- _WHAT IS BEING ASKED_: Using the records that follow, reproduce exactly the lines starting at the line containing "Room Spa Bath" and ending at the line containing "inSPORTline Hydroswift 250 Faltflasche". Include both end lines and no pictures.

- _SOURCE DATA_:
↓↓↓
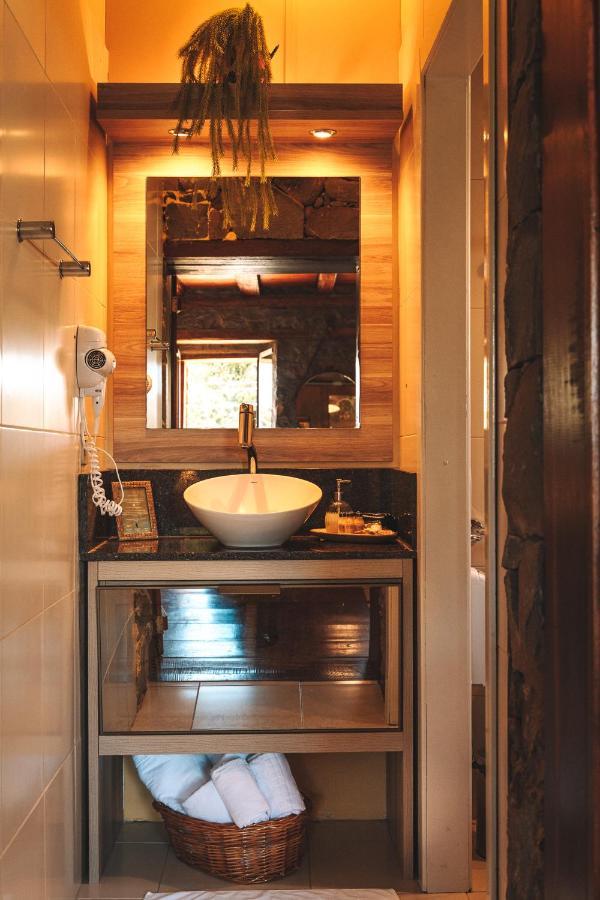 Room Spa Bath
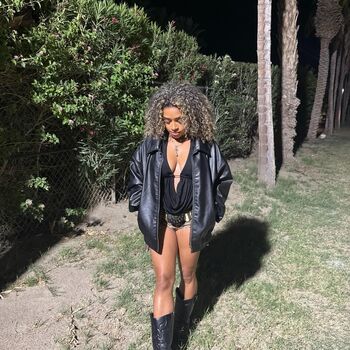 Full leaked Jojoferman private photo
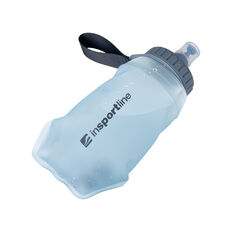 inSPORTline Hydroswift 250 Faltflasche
↑↑↑
↓↓↓
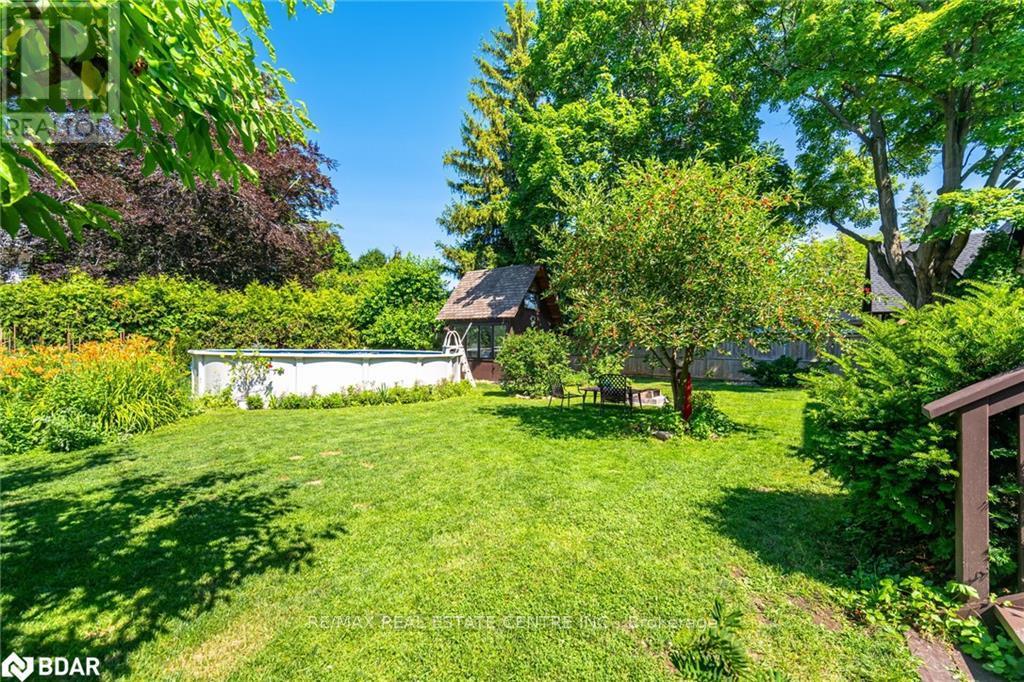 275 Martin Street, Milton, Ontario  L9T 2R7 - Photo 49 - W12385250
↑↑↑
- _WRITTEN RESPONSE_:
 Room Spa Bath
 Full leaked Jojoferman private photo
 inSPORTline Hydroswift 250 Faltflasche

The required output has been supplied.